- Prompt -
From the first line of the entries below, reproduce everything exactly through the line with "آلات موسيقى الات", and nothing more.

┌─ Provided data

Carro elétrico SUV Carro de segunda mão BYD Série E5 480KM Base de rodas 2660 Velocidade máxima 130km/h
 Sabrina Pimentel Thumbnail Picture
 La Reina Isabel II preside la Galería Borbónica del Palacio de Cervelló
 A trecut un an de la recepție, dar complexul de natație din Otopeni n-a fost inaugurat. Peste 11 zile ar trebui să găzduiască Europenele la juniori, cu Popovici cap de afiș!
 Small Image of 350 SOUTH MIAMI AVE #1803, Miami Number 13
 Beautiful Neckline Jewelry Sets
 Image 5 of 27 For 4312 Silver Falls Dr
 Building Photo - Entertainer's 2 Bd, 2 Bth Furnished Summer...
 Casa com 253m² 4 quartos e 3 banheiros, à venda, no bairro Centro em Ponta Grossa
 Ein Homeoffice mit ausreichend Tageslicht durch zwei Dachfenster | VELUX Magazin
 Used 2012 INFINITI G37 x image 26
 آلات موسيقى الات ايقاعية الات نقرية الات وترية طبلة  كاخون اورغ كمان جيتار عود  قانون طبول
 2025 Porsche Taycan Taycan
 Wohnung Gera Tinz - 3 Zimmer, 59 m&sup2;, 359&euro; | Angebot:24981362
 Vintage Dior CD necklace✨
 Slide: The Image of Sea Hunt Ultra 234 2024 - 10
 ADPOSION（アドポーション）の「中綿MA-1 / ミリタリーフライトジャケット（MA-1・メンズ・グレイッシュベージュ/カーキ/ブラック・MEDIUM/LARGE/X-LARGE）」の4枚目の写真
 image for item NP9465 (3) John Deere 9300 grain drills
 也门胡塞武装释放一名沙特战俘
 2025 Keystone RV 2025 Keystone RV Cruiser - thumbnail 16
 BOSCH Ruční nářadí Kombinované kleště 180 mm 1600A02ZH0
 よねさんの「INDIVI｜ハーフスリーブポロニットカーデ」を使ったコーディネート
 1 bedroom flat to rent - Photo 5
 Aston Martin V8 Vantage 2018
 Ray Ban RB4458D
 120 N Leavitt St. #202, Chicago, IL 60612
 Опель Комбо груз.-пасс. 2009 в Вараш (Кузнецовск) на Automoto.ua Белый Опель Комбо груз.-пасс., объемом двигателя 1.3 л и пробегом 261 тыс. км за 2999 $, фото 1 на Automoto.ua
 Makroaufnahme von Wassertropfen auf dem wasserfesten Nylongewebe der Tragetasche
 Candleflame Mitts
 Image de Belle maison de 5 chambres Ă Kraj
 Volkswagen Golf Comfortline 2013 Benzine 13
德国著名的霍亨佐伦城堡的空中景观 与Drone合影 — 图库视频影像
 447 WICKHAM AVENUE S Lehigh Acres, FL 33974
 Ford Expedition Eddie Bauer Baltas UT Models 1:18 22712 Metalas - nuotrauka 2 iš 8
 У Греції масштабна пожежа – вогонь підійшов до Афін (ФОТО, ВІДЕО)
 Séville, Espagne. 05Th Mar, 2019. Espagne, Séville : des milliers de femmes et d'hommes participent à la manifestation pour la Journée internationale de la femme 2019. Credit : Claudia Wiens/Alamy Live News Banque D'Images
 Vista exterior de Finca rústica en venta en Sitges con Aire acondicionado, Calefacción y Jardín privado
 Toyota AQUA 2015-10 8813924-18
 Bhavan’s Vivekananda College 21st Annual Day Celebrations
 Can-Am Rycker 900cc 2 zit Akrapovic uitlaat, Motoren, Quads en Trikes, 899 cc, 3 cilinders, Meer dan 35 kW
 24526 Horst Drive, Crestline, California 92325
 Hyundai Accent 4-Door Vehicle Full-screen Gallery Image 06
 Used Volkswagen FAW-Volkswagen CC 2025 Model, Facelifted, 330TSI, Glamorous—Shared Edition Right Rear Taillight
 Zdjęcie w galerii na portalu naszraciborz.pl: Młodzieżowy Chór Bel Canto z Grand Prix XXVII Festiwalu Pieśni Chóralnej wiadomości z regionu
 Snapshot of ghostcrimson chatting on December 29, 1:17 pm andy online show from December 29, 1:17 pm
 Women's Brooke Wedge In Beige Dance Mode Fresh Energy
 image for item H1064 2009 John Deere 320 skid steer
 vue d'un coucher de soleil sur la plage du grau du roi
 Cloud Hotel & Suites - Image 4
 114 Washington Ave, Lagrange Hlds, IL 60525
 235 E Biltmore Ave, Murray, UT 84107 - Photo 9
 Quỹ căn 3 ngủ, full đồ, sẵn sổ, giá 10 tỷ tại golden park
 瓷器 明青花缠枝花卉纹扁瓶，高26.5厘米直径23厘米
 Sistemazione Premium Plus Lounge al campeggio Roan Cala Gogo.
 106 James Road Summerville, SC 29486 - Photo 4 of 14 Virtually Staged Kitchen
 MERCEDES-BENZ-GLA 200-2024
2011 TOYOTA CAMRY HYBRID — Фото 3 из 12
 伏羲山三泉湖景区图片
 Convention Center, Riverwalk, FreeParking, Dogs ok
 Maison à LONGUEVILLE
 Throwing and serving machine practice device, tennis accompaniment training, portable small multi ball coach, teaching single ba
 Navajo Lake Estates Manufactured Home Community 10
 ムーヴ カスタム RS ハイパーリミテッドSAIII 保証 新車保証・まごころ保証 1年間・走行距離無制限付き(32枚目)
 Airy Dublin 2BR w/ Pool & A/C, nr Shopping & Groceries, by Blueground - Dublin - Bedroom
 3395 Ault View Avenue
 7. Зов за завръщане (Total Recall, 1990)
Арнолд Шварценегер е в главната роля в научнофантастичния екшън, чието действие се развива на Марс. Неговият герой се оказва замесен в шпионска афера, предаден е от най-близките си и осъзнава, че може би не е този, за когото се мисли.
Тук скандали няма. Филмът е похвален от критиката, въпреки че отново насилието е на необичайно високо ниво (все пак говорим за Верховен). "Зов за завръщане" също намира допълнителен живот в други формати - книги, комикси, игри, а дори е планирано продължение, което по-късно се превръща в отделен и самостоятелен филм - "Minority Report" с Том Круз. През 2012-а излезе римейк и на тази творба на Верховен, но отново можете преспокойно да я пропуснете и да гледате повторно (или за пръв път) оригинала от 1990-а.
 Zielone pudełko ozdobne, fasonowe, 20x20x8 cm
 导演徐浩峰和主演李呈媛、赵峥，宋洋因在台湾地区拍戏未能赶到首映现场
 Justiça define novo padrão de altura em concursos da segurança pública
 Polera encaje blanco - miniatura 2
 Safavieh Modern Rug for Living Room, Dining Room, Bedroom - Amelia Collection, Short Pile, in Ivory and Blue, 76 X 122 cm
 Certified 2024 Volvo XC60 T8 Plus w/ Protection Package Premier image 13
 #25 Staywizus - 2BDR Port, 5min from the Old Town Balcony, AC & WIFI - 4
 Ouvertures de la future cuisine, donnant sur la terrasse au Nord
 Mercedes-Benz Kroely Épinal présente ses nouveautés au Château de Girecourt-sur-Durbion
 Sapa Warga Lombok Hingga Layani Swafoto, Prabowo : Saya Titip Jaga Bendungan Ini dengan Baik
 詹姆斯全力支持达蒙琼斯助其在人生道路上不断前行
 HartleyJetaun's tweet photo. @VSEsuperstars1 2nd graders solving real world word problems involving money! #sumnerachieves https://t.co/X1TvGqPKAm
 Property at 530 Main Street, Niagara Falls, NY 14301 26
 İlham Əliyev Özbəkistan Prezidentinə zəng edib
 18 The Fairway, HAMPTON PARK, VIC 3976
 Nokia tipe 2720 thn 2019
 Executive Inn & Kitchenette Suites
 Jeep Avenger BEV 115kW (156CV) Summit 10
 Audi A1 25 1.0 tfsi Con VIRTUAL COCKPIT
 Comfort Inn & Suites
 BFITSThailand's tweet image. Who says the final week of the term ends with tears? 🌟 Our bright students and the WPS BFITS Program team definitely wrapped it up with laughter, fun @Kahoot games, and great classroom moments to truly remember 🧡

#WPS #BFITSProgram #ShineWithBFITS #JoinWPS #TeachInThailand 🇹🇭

└─

- Task response -
Carro elétrico SUV Carro de segunda mão BYD Série E5 480KM Base de rodas 2660 Velocidade máxima 130km/h
 Sabrina Pimentel Thumbnail Picture
 La Reina Isabel II preside la Galería Borbónica del Palacio de Cervelló
 A trecut un an de la recepție, dar complexul de natație din Otopeni n-a fost inaugurat. Peste 11 zile ar trebui să găzduiască Europenele la juniori, cu Popovici cap de afiș!
 Small Image of 350 SOUTH MIAMI AVE #1803, Miami Number 13
 Beautiful Neckline Jewelry Sets
 Image 5 of 27 For 4312 Silver Falls Dr
 Building Photo - Entertainer's 2 Bd, 2 Bth Furnished Summer...
 Casa com 253m² 4 quartos e 3 banheiros, à venda, no bairro Centro em Ponta Grossa
 Ein Homeoffice mit ausreichend Tageslicht durch zwei Dachfenster | VELUX Magazin
 Used 2012 INFINITI G37 x image 26
 آلات موسيقى الات ايقاعية الات نقرية الات وترية طبلة  كاخون اورغ كمان جيتار عود  قانون طبول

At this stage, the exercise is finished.